I have argued that what we saw in the Bush administration was a faith-based approach to educational policy. It is disconcerting to find that the policies of the Obama administration can rightly be criticized on the same grounds. The current administration has mandated expansion of charters without any qualification being required when there is no evidence that charters as a whole perform better than traditional public schools. The four punishments for lack of test success required under Race to the Top either had no research basis or had been tried and not proven to make any difference.
As a teacher, as bad as the theft of the title of No Child Left Behind from the Children's Defense Fund may have been, at least that language was not in itself offensive: we would prefer to leave no child behind, even as the policies included under that program did precisely that, narrowing the education for children who needed the most from us to little more than test prep. Yet any race - except the Special Olympics - has winners and losers. The very labeling of that program is offensive to most professional educators.
There is much more of value in the Ravitch piece. There are the lines that cut to the heart of the matter, for example
Setting an impossible goal, providing inadequate resources to pursue that goal, and then firing educators and closing schools for failing to reach it is cruel and unusual punishment.
Ravitch reminds us again and again of the real history of our schools, for example,
The good old days were not that good if you were black or disabled. Public schools routinely excluded children with disabilities, and schools in many parts of the nation were racially segregated, either by law or by custom.
A good argument builds to a strong conclusion. I think Ravitch makes a powerful argument, and perhaps her final two paragraphs will convince you:
If we are serious about closing the achievement gap, we should make sure that every pregnant woman who is poor has good prenatal care and nutrition and that every child has high-quality early education before arriving in kindergarten. The achievement gap begins before the first day of school. If we mean to provide equality of educational opportunity, we must begin to level the playing field before the start of formal schooling. Otherwise, we will just be playing an eternal game of catch-up—and we cannot win that game.

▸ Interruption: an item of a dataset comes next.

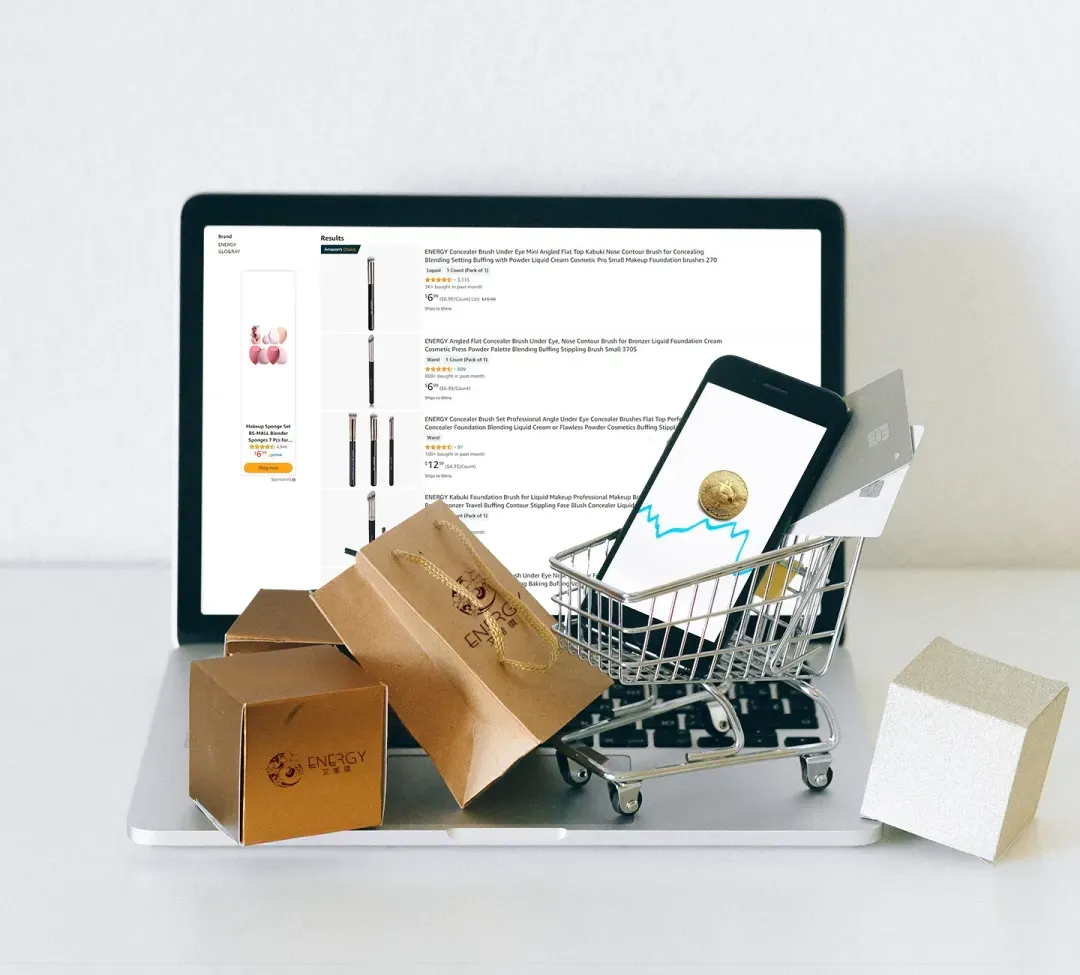 ENERGY brand makeup brush packaging and e-commerce sales platform display.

It is worth remembering that the reason we first established public education was to advance the common good of the community. It began in small towns, where communities agreed that all the children should be educated for the good of all and the sake of the future. Public schools have a civic mission: They are expected to prepare young people to become citizens and to share in the responsibility of maintaining our society. As political forces tear them apart, creating opportunities for entrepreneurs and for profit, it diminishes our commonwealth. That is a price we must not pay.
That is a price we must not pay - it is a price we are seeing in so many public services, to the detriment of our nation and our society. If we lose our public schools we will have lost our democracy.
I hope you will read the entire Ravitch piece. I hope you will do what you can to ensure that others do so as well.
American Schools Are In Crisis. They are AT RISK. There is little time left. If we do not act now, it will be too late.